HDL and LDL Cholesterol: Everything You Need to Know
Patients with heart problems commonly talk about HDL and LDL cholesterol. Anyone who’s had a heart attack knows that they must increase some blood values and lower others to protect their heart.
However, not only heart patients are familiar with these terms. Worldwide prevention campaigns have paid off, as increasingly more people now understand how cholesterol works and its effects on the arteries.
Both HDL and LDL cholesterol are parts, or portions, of total body cholesterol. They’re fatty substances that cells require for metabolism. As such, we don’t need to eliminate cholesterol entirely but control it instead.
Based on what can be measured in a blood test, cholesterol is divided into three categories:
- HDL. The fat that cleans the arteries without clogging them. It’s known as “good” cholesterol.
- LDL. This is the type that deposits on the arterial walls. It’s known as “bad” cholesterol.
- Triglycerides. A particular fat found in cells and in the blood that varies depending on a person’s diet.
Total cholesterol is the sum of HDL and LDL cholesterol.
What’s HDL cholesterol?
As we already explained above, HDL and LDL cholesterol aren’t the same. The so-called “good” cholesterol or high-density lipoprotein (HDL) cholesterol carries portions of fat from different parts of the body to the liver. In other words, it “cleans” the arteries.
You should seek to elevate it, as a higher proportion of HDL ensures improved cardiovascular work. Contrary to what’s usually believed, you must elevate the levels of this cholesterol.
Unfortunately, the use of certain drugs due to chronic conditions can decrease this substance. For example, this almost inevitably occurs to those who take beta-blockers. Benzodiazepines and progestogens, among other drugs, also affect HDL cholesterol levels.

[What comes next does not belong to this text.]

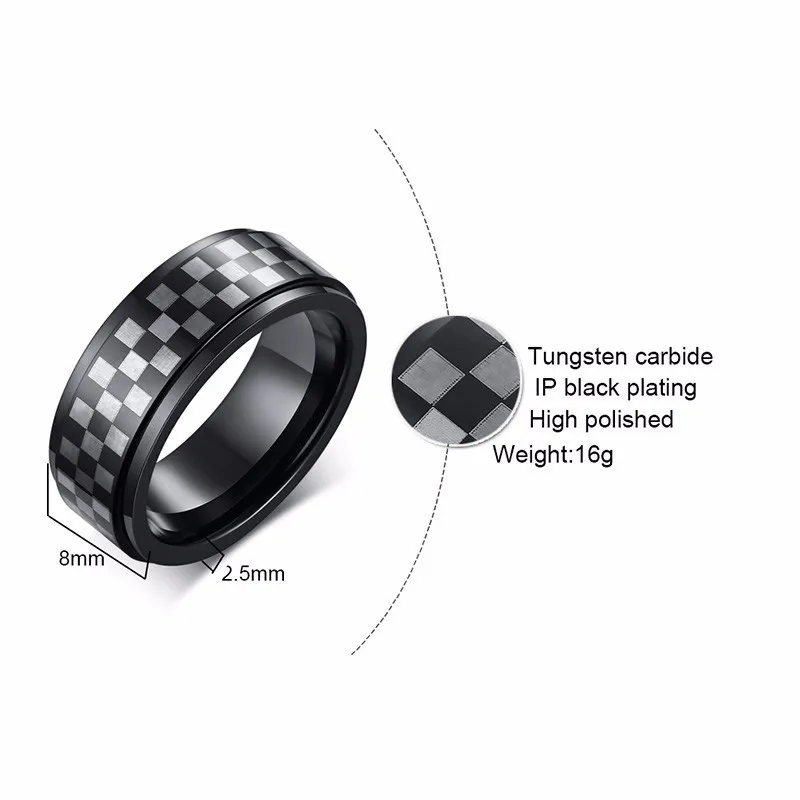 Size 9 Titanium Gold Plated Band Ring With Black Plated Edges In Gift Box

HDL and LDL cholesterol are addressed similarly since, in general, what increases “good” cholesterol tends to lower “bad” cholesterol. Nevertheless, tobacco is known to affect HDL more than LDL.

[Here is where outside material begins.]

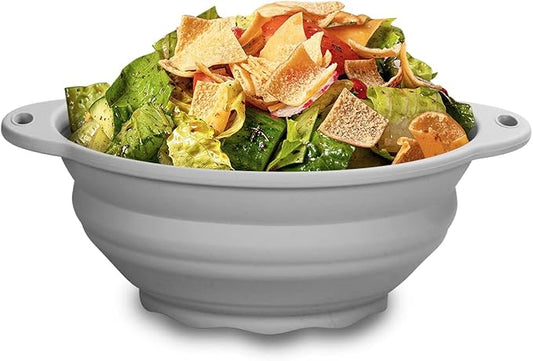 Collapsible Silicone Salad Bowl 64oz Camping Bowl Outdoor Hiking Travel Durable Bowl for Storage and Mixing Food-Grade Silicone Food Storage Container 1 Pack (Grey)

Keep reading to learn more: A Guide to Help You Watch Your Cholesterol Levels
What’s LDL cholesterol?
LDL stands for low-density lipoprotein, commonly known as “bad” cholesterol. It’s harmful because it tends to settle on the inner walls of the arteries and blocks blood flow.

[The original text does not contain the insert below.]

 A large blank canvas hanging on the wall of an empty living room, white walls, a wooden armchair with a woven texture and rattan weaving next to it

This cholesterol can cause arteriosclerosis. The atheromatous plaque contains fat that this lipoprotein carries there. Cardiologists insist on lowering its biochemical values to prevent heart attacks and angina pectoris.
Ultimately, higher LDL cholesterol levels are linked to a lower oxygen flow to vital organs. When the atheromatous plaque ruptures after reaching its breaking point, acute events occur.
In terms of laboratory test figures:
- Less than 100 milligrams per deciliter (mg/dL) of LDL is healthy
- Up to 130 milligrams per deciliter is acceptable
- Higher levels are risky and the risk increases even more if they’re above 190
Find out more here: A Great Morning Drink to Reduce Your Triglyceride Levels
Increase HDL and lower LDL cholesterol levels
You can take certain preventive measures to increase HDL and lower LDL cholesterol. This isn’t exclusive to heart patients but should be routine for anyone in order to reduce cardiovascular risk.
The key points are the following:
- Weight control. An overweight person, in addition to the cardiac risk associated with their obesity, can suffer elevated LDL cholesterol levels. The good news is that lowering body mass index also reduces “bad” cholesterol.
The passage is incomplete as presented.